One line already being put about in government circles is that the Coalition can afford to lose Wentworth. It cannot afford to lose Queensland.

This is shorthand for the view that if the Coalition can sandbag the Big-C Conservative seats against attack from further right, it will hold up ok even if it loses more socially progressive seats in the cities.

If they truly believe that, they can give up on the pretense the Liberal Party is a “broad church” alternative to unions and the Greens.

Prime Minister Scott Morrison (left) embraces Liberal candidate Dave Sharma prior to his concession speech, at the Liberal Party Wentworth by-election function in Double Bay, Sydney. (image: AAP)

Tony Abbott in Warringah on the other shore of Sydney Harbour holds an electorate that is not so different to Wentworth. Even as he crows at vanquishing Turnbull, might he be catching a whiff of his own political mortality.

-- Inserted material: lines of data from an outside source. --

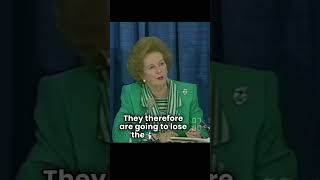 Margaret Thatcher DESTROYS Protectionism [upl. by Lodie]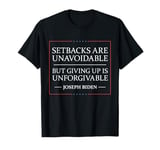 Setbacks Are Unavoidable But Giving Up Is Unforgivable T-Shirt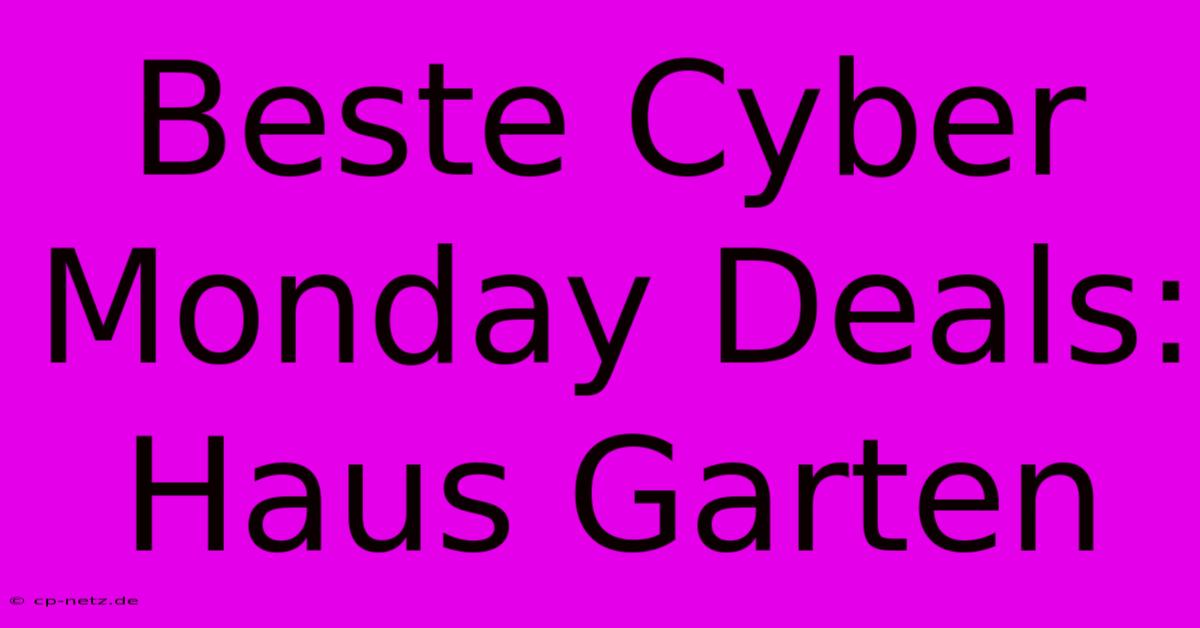 Beste Cyber Monday Deals: Haus Garten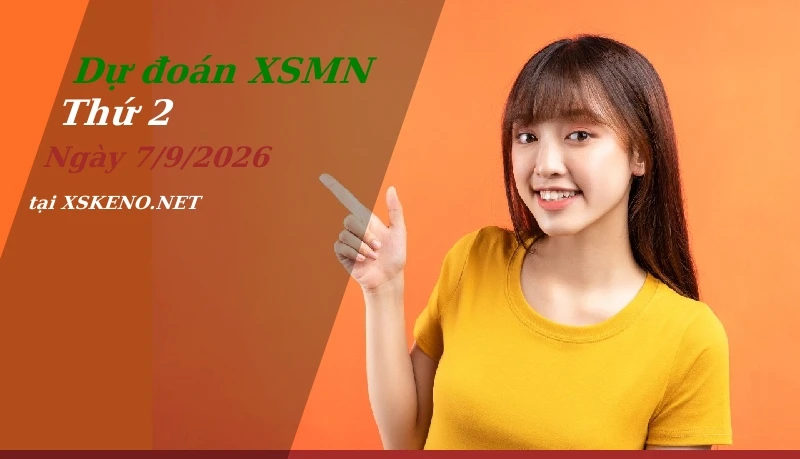 Dự đoán XSMN 7/9/2026, soi cầu kết quả Xổ Số Miền Nam thứ 2 - 7-9-2026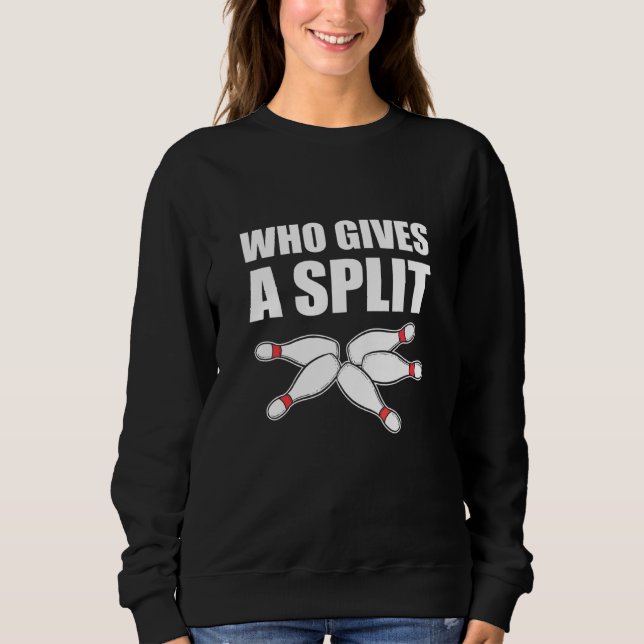 Gives A Split Bowling Coach Or Player Sweatshirt (Front)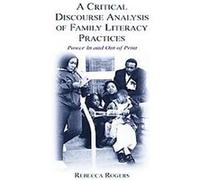 A Critical Discourse Analysis of Family Literacy Practices Rebecca Rogers (Auteur)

The winners’ list is clearly headed by Kerryn Phelps. Others who might reasonably be cheering include Liberal women. The penny must surely be dropping that ignoring women is self-defeating for any party aspiring to lead a country.

And don’t forget National Party leader Michael McCormack.

He’s clearly under pressure, but the Nationals might stay their hand as they contemplate the electorate cost of more leadership chaos.

Among the losers: Peter Dutton. He ran the attack on Malcolm Turnbull, only to fall short. He now faces a Parliament where the numbers become more hostile to him, if Labor tries again to refer him to the High Court over his ChildCare Centre interests.

Prime Minister Scott Morrison (centre), addresses the Liberal Party Wentworth by-election function, as Treasurer and Deputy Liberal Leader Josh Frydenberg (left) and candidate Dave Sharma look on, in Double Bay, Sydney (Image: AAP)

The blame-finding is already underway within the government and will not end quickly. The first voting trends were barely in before Liberal Moderate Trent Zimmerman claimed they show “we need to do more on climate change.”

The most obvious loser was Liberal candidate Dave Sharma. But the former Ambassador with the famously big brain emerged with his dignity largely intact.

His concession speech was gracious in the extreme. He praised Dr Phelps, the former AMA President, as a “formidable Australian” who has already given much service to the country.

Showing he was a mile removed from the customary nastiness of politics, Sharma then pledged to do “whatever I can do to support her” in her new role as Wentworth MP.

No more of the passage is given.